Your work will be evaluated according to the following:

- Solution design (40%): algorithmic complexity, technical innovation, performance (as evaluated on Kaggle). Simple ideas can achieve full marks if they are well-argued and perform well.

- Implementation (40%): code quality, efficiency, clarity of documentation (code should be well commented). You should submit all code required to train/test your pipeline in a `.ipynb` notebook or a set of `.py` file(s).

- Report (~1 page) (20%): Description of pipeline and justification of design choices, results and failure cases. In general, we want to know why you did one thing and not another.

**PLUS** the best 5 leaderboard submissions will receive +1 for the grade of the assignment.

**N.B.** This is an individual assignment. All students are expected to make at least one Kaggle submission and submit their own project code and report.

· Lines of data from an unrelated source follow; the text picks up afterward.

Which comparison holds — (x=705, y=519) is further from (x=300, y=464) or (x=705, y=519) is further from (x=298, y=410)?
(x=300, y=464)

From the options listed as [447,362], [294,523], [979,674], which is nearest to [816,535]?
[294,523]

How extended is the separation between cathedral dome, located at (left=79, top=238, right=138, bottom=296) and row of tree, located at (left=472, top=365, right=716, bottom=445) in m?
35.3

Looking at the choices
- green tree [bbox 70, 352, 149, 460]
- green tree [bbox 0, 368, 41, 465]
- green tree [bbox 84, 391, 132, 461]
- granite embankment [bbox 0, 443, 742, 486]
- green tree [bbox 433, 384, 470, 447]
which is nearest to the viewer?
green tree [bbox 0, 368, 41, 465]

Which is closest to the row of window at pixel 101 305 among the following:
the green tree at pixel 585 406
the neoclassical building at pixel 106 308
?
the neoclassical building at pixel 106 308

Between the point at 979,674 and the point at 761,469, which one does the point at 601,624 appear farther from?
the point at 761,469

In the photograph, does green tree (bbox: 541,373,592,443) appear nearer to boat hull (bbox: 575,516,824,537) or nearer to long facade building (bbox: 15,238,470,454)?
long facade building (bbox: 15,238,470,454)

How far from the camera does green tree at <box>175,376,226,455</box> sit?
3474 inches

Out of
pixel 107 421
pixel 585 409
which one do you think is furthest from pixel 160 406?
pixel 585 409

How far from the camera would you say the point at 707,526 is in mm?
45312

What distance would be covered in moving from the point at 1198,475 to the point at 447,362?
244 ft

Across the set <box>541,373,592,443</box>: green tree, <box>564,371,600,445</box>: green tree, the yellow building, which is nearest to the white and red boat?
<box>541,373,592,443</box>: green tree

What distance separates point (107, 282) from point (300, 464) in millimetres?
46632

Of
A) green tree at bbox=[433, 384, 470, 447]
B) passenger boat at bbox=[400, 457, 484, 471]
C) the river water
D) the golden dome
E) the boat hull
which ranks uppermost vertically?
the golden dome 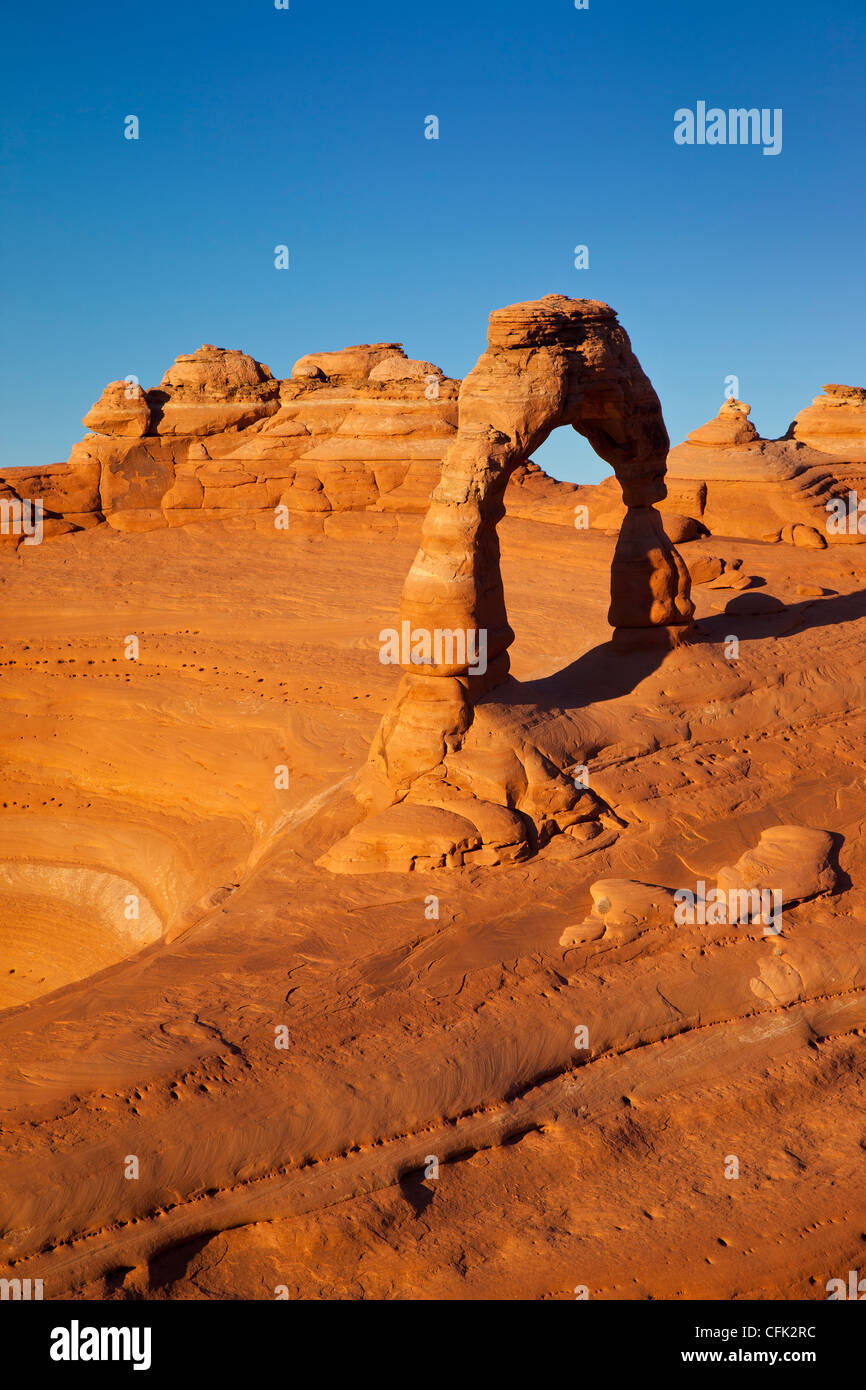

You should send your assignment by email to maria.vakalopoulou@centralesupelec.fr, the name of the subject of the email should be: VIC\_Assignment2\_name.

## FAQ

**Q:** Can I use external datasets?
**A:** Although we have provided extra training data anyway, we are relaxing the constraint on external datasets. So, yes, you can.

**Q:** Must I code algorithms from scratch?
**A:** You will be graded on the design/implementation of your solution pipeline, which ordinarily will comprise multiple algorithms (e.g. filters, features, machine learning). Unlike the labs and previous assignment, you are not required to code these individual algorithms.

**Q:** Can my pipeline take a long time to run?
**A:** It is acceptable if your training and/or testing takes some hours to run. However, in this case it should be shown that this is fully warranted.

**Q:** Can I use deep learning?
**A:** You are quite free in the design of your solution pipeline. However, **NO DEEP LEARNING APPROACHES ARE ALLOWED**. You should use classic methods to complete this assignment!

In [None]:
import pandas as pd

df_ground_truth = pd.read_csv('./train.csv')
df_ground_truth.head()

In [None]:
import os
import numpy as np
from matplotlib import pyplot as plt
import matplotlib.patches as patches
from skimage.io import imread


H, W = 720, 1280
N = len(df_ground_truth)


def read_frame(df_annotation, frame):
    """Read frames and create integer frame_id-s"""
    file_path = df_annotation[df_annotation.index == frame]['frame_id'].values[0]
    return imread(file_path)

def annotations_for_frame(df_annotation, frame):
    assert frame in df_annotation.index
    bbs = df_annotation[df_annotation.index == frame].bounding_boxes.values[0]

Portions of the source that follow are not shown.